Tres cazadores condenados por matar un yaguareté en Formosa deberán pagar una millonaria suma como parte de la reparación por el daño ambiental causado. La Cámara Federal de Apelaciones de Resistencia rechazó un recurso presentado por la defensa y ratificó que, para acceder a beneficios de libertad, primero deberán cumplir con las obligaciones impuestas en la sentencia.

El fallo confirmó que cada uno de los condenados deberá abonar cinco millones de pesos destinados al Programa de Conservación del Yaguareté y completar una capacitación obligatoria sobre protección de la fauna. La Justicia consideró que la reparación económica y las medidas ambientales constituyen condiciones indispensables antes de evaluar cualquier pedido de libertad condicional.

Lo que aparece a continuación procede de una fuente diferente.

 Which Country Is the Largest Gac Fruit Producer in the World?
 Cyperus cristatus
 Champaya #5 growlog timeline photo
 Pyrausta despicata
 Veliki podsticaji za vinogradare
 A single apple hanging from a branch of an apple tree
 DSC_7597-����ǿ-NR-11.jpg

Los hombres habían sido condenados en agosto de 2025 a dos años de prisión efectiva por la caza ilegal de la especie, en infracción a la Ley de Conservación de la Fauna. La defensa intentó acceder a la libertad condicional sin cumplir previamente con las obligaciones económicas y educativas, pero el tribunal entendió que el requisito no representa un perjuicio irreparable y debe cumplirse antes de otorgar cualquier beneficio.
El caso adquiere especial relevancia en el norte argentino, donde el yaguareté se encuentra en peligro crítico de extinción y su preservación es considerada prioritaria. La decisión judicial busca sentar un precedente en materia de reparación ambiental y reforzar el rol de la Justicia en la protección de especies amenazadas.
El hecho
El episodio ocurrió a fines de julio de 2024 en un campo de Ibarreta, departamento de Patiño, al sudeste de la provincia. Según la investigación, todo comenzó con la desaparición de una vaca lechera, parte del sustento de varias familias de la zona. El propietario, Máximo Cisneros (61), solicitó colaboración a Walter Hugo Ponce De León (45), Viterman Ponce De León (38) y Claudio Cisneros (30), trabajadores ocasionales, para intentar encontrar el animal.

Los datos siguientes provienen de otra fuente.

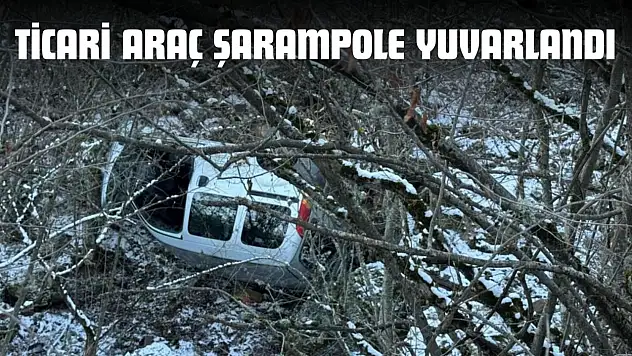 Ticari Araç Şarampole Yuvarlandı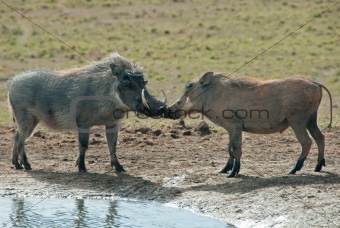 Kissing warthogs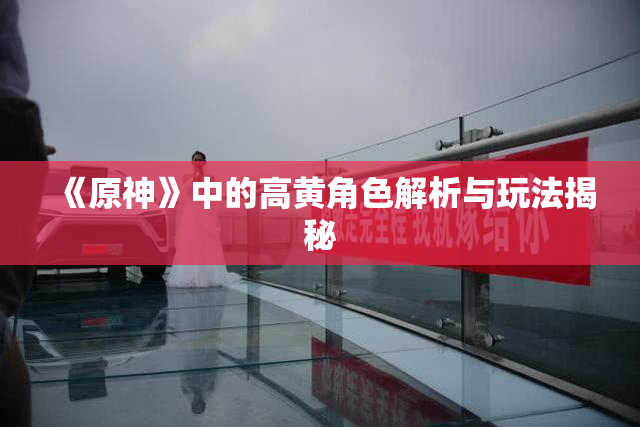 《原神》中的高黄角色解析与玩法揭秘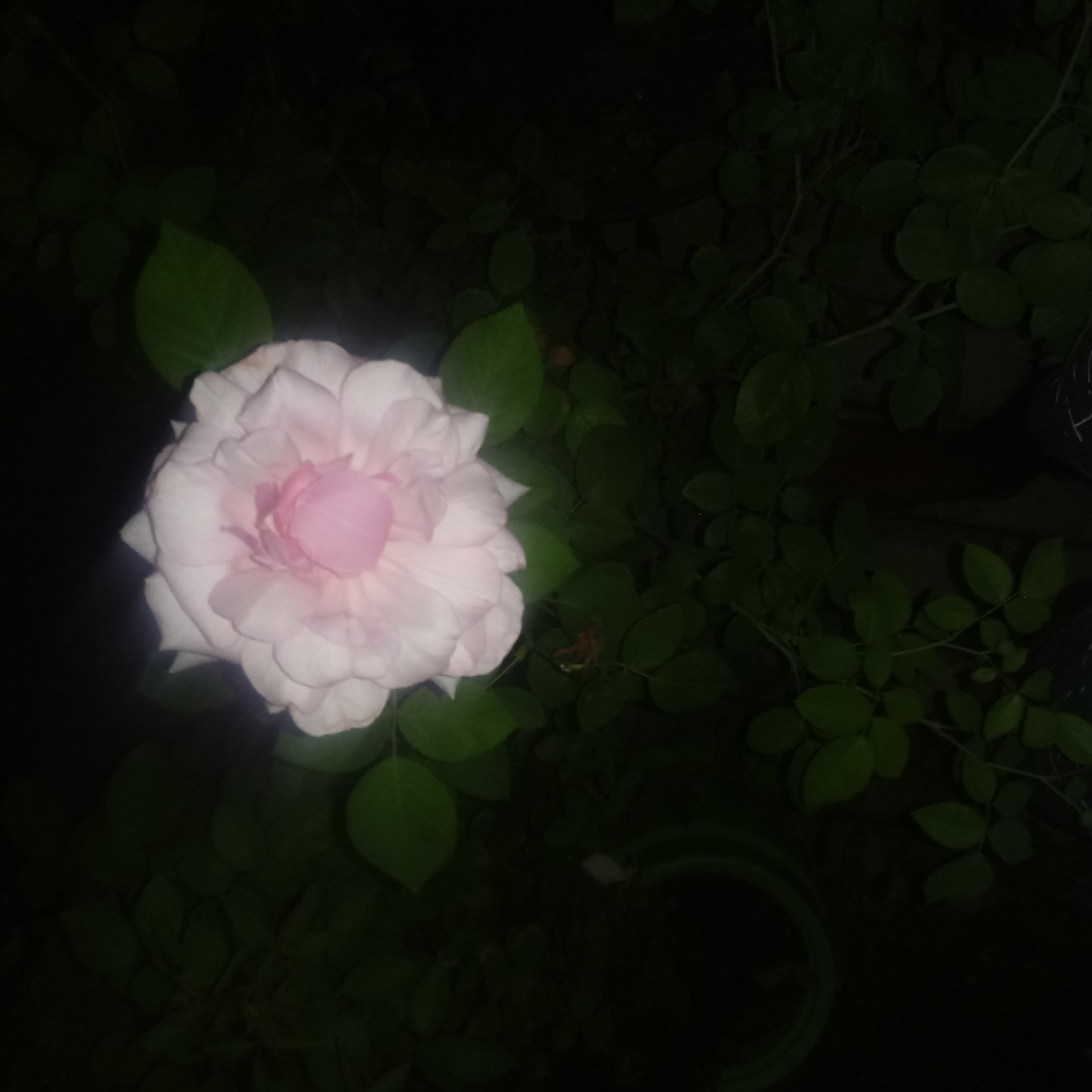 Nome da Roseira em forma de poesia Roseira linda...poeta de luz episode artwork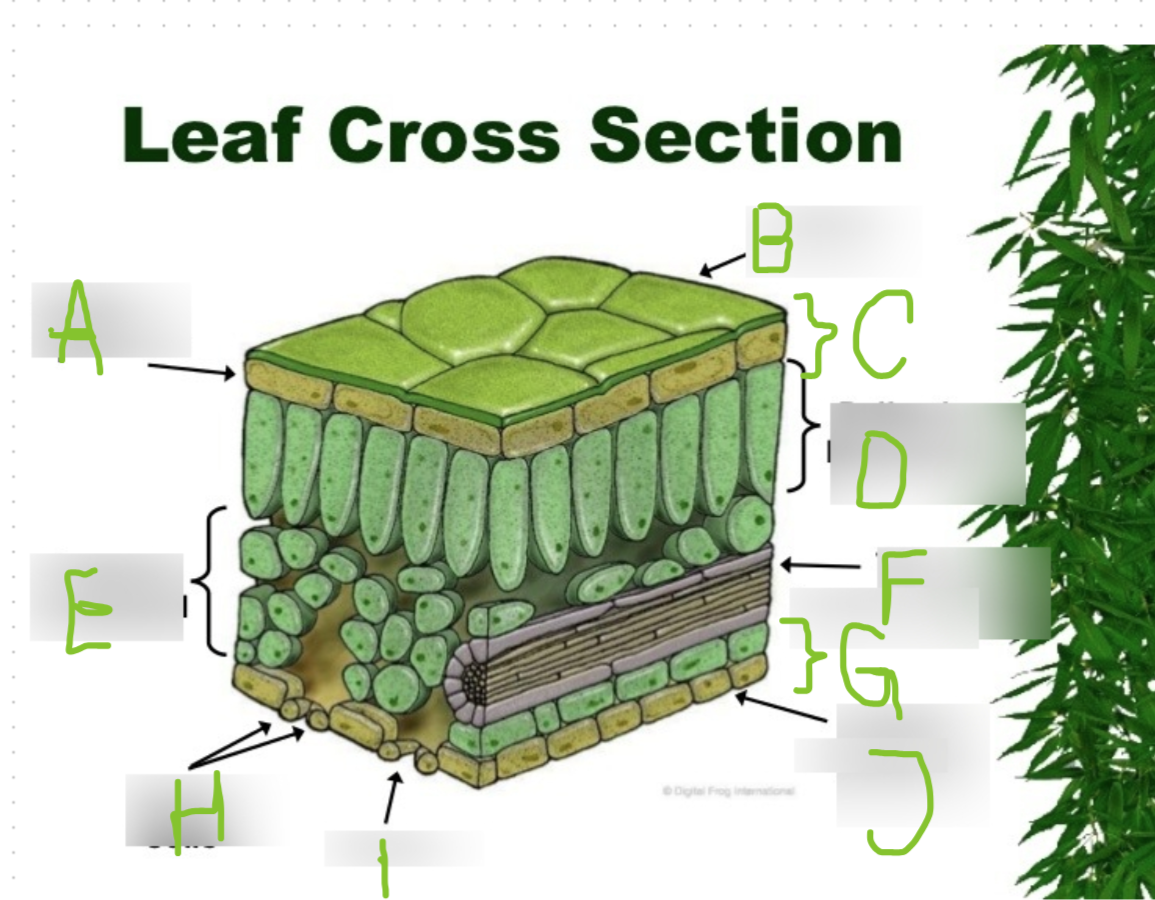 <p>label the diagram</p>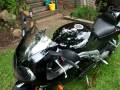 videos de Daytona Magic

La búsqueda terminó con la muerte del yaguareté, al que responsabilizaron por un supuesto ataque al ganado. Tras abatirlo, despellejaron al felino, se fotografiaron junto al cadáver y difundieron las imágenes en redes sociales.
En la reconstrucción del hecho, los acusados declararon que era la primera vez que veían uno de cerca y que los perros comenzaron a enfrentarse con el animal. “Nos empezó a atacar. Mató dos perros. Los trituró”, relató uno de ellos durante la investigación.